Information shown:

====

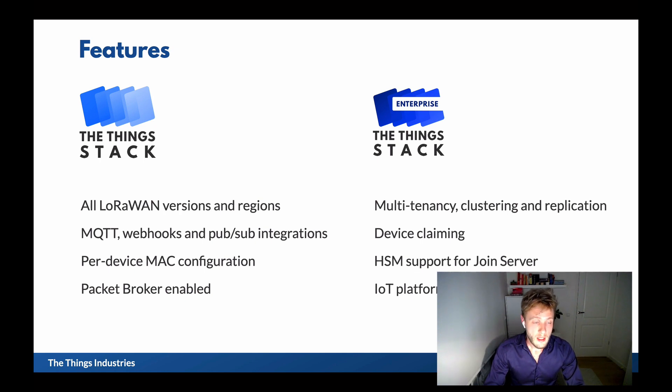So the Things Stack is a fully functional open source distribution, and our enterprise solution is designed for enterprise deployments.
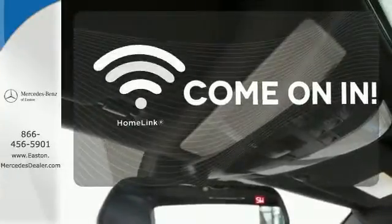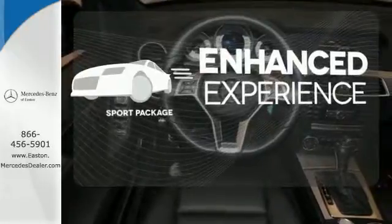Doors open and your path is well lit with Homelink. Drivability and functionality is enhanced with the included sport package.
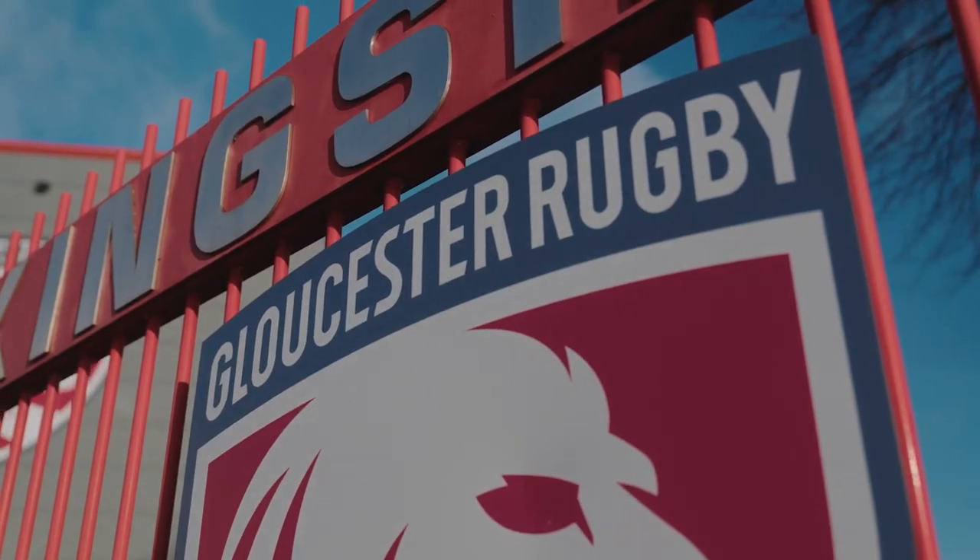I think it's massive — we're having a real push to get Gloucester Rugby Club back to where it was within the community.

====

Work task: Please extract exactly the lines of the data, from the first through the line containing "Doors open and", and add no pictures to the copy.

Output for this exercise:
So the Things Stack is a fully functional open source distribution, and our enterprise solution is designed for enterprise deployments.
Doors open and your path is well lit with Homelink. Drivability and functionality is enhanced with the included sport package.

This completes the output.